2013-10-31 Thread Ben Nemec

On 2013-10-31 09:05, Kyle Mestery (kmestery) wrote:

On Oct 31, 2013, at 8:56 AM, Clint Byrum  wrote:

Excerpts from Mark McLoughlin's message of 2013-10-31 06:30:32 -0700:

On Thu, 2013-10-31 at 15:37 +1300, Robert Collins wrote:

This is a bit of a social norms thread

I've been consistently asking for tests in reviews for a while now,
and I get the occasional push-back. I think this falls into a few
broad camps:

A - there is no test suite at all, adding one in unreasonable
B - this thing cannot be tested in this context (e.g. functional 
tests

are defined in a different tree)
C - this particular thing is very hard to test
D - testing this won't offer benefit
E - other things like this in the project don't have tests
F - submitter doesn't know how to write tests
G - submitter doesn't have time to write tests


Nice breakdown.


Now, of these, I think it's fine not add tests in cases A, B, C in
combination with D, and D.

I don't think E, F or G are sufficient reasons to merge something
without tests, when reviewers are asking for them. G in the special
case that the project really wants the patch landed - but then I'd
expect reviewers to not ask for tests or to volunteer that they 
might

be optional.


I totally agree with the sentiment but, especially when it's a 
newcomer
to the project, I try to put myself in the shoes of the patch 
submitter

and double-check whether what we're asking is reasonable.
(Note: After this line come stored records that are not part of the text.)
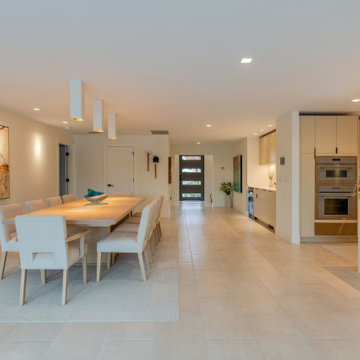 Linear dining layout with integrated transitional flow and neutral material pale
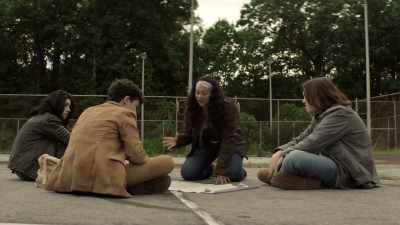 It's surrounded by a fence,
which means - The Walking Dead: World Beyond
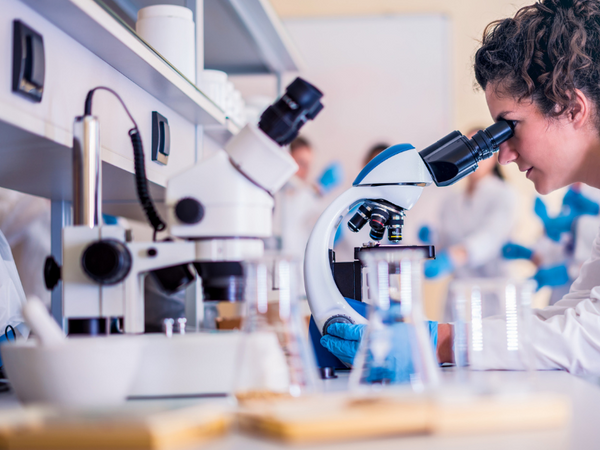 Scientist looking through a microscope in a laboratory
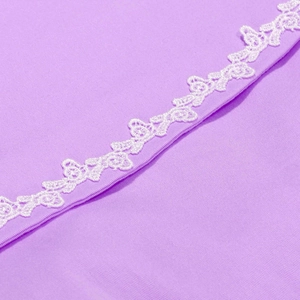 Détail de la dentelle papillon blanche sur le tissu violet d'une robe d'été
Even with a long time contributor, empathy is an important part of
constructing reviews. We could make more robotic things that review 
for
test coverage, but we haven't, because this is a gray area. The role 
of
a reviewer isn't just get patches merged and stop defects. It is also 
to

grow the other developers.


For example, if someone shows up to Nova with their first OpenStack
contribution, it fixes something which is unquestionably a bug - 
think
typo like "raise NotFund('foo')" - and testing this code patch 
requires

more than adding a simple new scenario to existing tests ...



This goes back to my recent suggestion to help the person not with a 
-1

or a +2, but with an additional patch that fixes it.


That, for me, is an example of "-1, we need a test! untested code is
broken!" is really shooting the messenger, not valuing the newcomers
contribution and risks turning that person off the project forever.
Reviewers being overly aggressive about this where the project 
doesn't
have full test coverage to begin with really makes us seem 
unwelcoming.


In cases like that, I'd be of a mind to go "+2 Awesome! Thanks for
catching this! It would be great to have a unit test for this, but 
it's

clear the current code is broken so I'm fine with merging the fix
without a test". You could say it's now the reviewers responsibility 
to

merge a test, but if that requirement then turns off reviewers even
reviewing such a patch, then that doesn't help either.



I understand entirely why you choose this, and I think that is fine. 
I,
however, see this as a massive opportunity to teach. That code was 
only
broken because it was allowed it to be merged without tests. By 
letting
that situation continue, we only fix it today. The next major 
refactoring

has a high chance now of breaking that part of the code again.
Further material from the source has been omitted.